L’UPM a-t-elle un avenir ?
par Kharroubi Habib, Le Quotidien d’Oran, 19 octobre 2009
Quatre facteurs au moins sont à l’origine du quasi-gel de l’Union pour la Méditerranée, si chère au président français Nicolas Sarkozy.
Le premier étant le peu d’enthousiasme qu’ont manifesté pour ce projet des Etats aussi bien du nord que du sud de la Méditerranée. C’est un secret de Polichinelle que des pays comme l’Allemagne ou ceux de l’ex-bloc socialiste, mais aussi l’Algérie et la Turquie pour la rive Sud, ont marqué des réticences indéniables au projet démarché avec des arguments ambigus par l’Elysée et la diplomatie française quant aux objectifs fixés à l’Union proposée. Le second, plus dramatique, a été la barbare agression israélienne contre la bande de Gaza, qui a rendu illusoire l’opération de normalisation par le dialogue et la coopération au sein de l’UPM entre Israël et les Etats arabes membres, telle qu’assignée en sous-main à la nouvelle construction régionale. Le troisième a été cette crise financière et économique qui, en mettant à mal les finances des Etats pressentis pour contribuer au lancement de projets économiques Nord-Sud, oblige à revoir ceux-ci à la baisse, voire à les remiser carrément dans les tiroirs. Il y a enfin que la crispation que connaissent les relations algéro-françaises a elle aussi un effet bloquant sur cette Union pour la Méditerranée. La conjugaison des effets de ces quatre facteurs plombe les efforts que déploient les présidents français et égyptien, en leur qualité de co-présidents en exercice de l’UPM, pour maintenir à flot celle-ci.
Le seul résultat auquel ils sont parvenus, c’est le maintien entre les pays membres d’un certain nombre de rencontres et de rendez-vous limités à des concertations d’ordre technique. Ce qui permet à ces deux chefs d’Etat, les plus impliqués et intéressés à vouloir donner vie à l’UPM, de ne pas jeter l’éponge et à entretenir l’illusion que les obstacles qui freinent la construction de l’Union sont conjoncturels et dépassables avec le temps.

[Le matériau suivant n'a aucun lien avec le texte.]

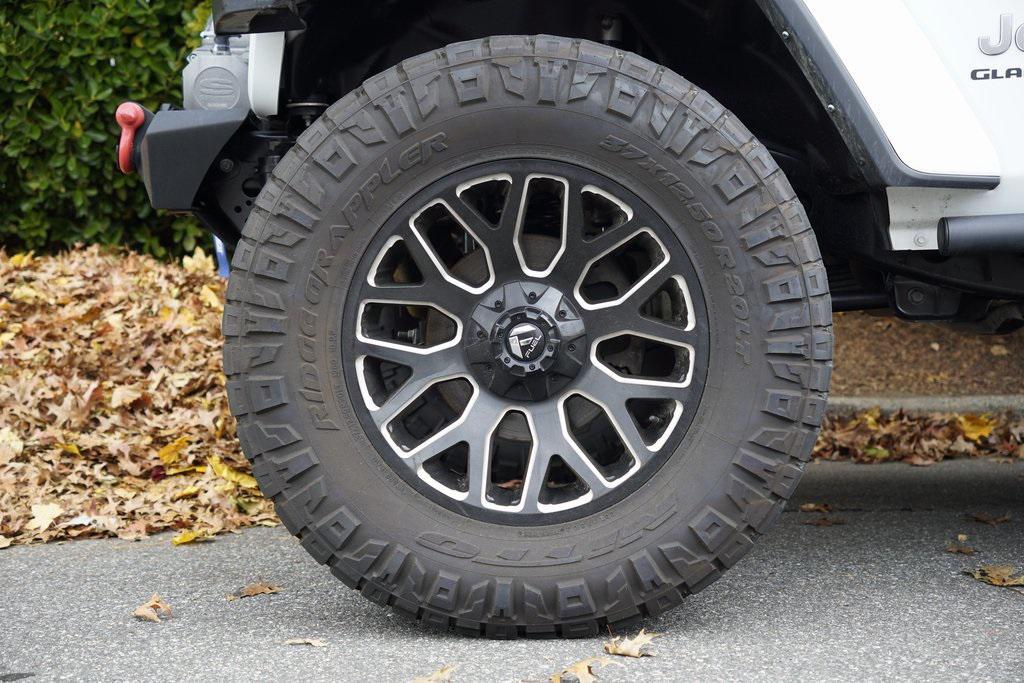 used 2022 Jeep Gladiator car, priced at $27,995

Mais même le président égyptien semble vouloir prendre ses distances avec cette Union dont la pérennité est devenue décidément problématique. C’est ainsi que l’Egypte a annoncé son intention de boycotter la prochaine réunion de l’UPM à Istanbul début novembre en raison de la présence à celle-ci du ministre israélien des Affaires étrangères, Avgdor Lieberman. Ce faux bond égyptien laissera les Français bien seuls dans la tentative de sortir l’UPM du «coma» dans lequel elle a été plongée aussitôt après sa création à Paris en juillet 2008, dans une fausse ambiance d’optimisme quant à son avenir et ses perspectives.
L’UPM est née de l’obstination du président français, qui peut se prévaloir d’être parvenu à la faire porter sur les fonts baptismaux. Mais c’est là son seul succès dans l’aventure car, pour le reste, c’est l’impasse. Pour diverses raisons à l’origine de leur manque d’empressement, ce ne sont pas ses partenaires dans l’Union qui vont l’aider à sortir de son coma cette Union euro-méditerranéenne à laquelle il tient tant.
D’autant que ce projet se heurte également à plus que des réserves de la part d’autres acteurs internationaux, notamment ceux non méditerranéens qui appartiennent à la Ligue arabe ou à l’Union africaine, qui considèrent, non sans raison, que la construction voulue par le président français vise des objectifs antinomiques avec ceux de leurs propres ensembles régionaux. Point de vue que le président sénégalais a exprimé en termes forts à l’égard des Etats africains qui ont accepté de prendre part à la création de l’UPM en déclarant que «Les Européens et les Africains du Nord sont libres de leur choix, mais l’Afrique a besoin de savoir surtout si sa partie Nord reste déterminée à aller avec elle dans le cadre du projet des Etats-Unis d’Afrique».